Work to complete -> The reply should reproduce every line of the data below word for word, minus any images.

Raw data ->
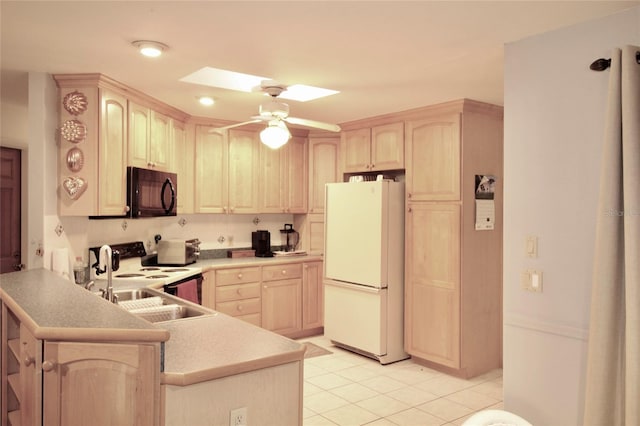 kitchen featuring freestanding refrigerator, a peninsula, light brown cabinetry, black microwave, and a sink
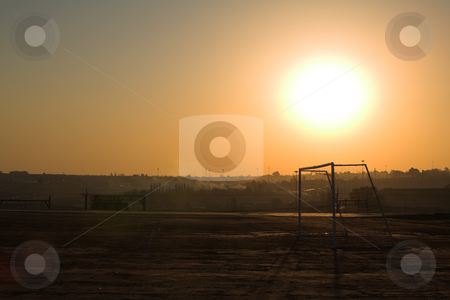 To use this stock image in your creative project, please select the size you need over to the right and click the "Add to Cart" button.
Your downloaded image will come with the Cutcaster watermark removed so don’t worry about the watermark you see on this page. Rural soccer field stock photo, Sunset on rural football field after a game of soccer by Sean Nel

Output ->
 kitchen featuring freestanding refrigerator, a peninsula, light brown cabinetry, black microwave, and a sink
 To use this stock image in your creative project, please select the size you need over to the right and click the "Add to Cart" button.
Your downloaded image will come with the Cutcaster watermark removed so don’t worry about the watermark you see on this page. Rural soccer field stock photo, Sunset on rural football field after a game of soccer by Sean Nel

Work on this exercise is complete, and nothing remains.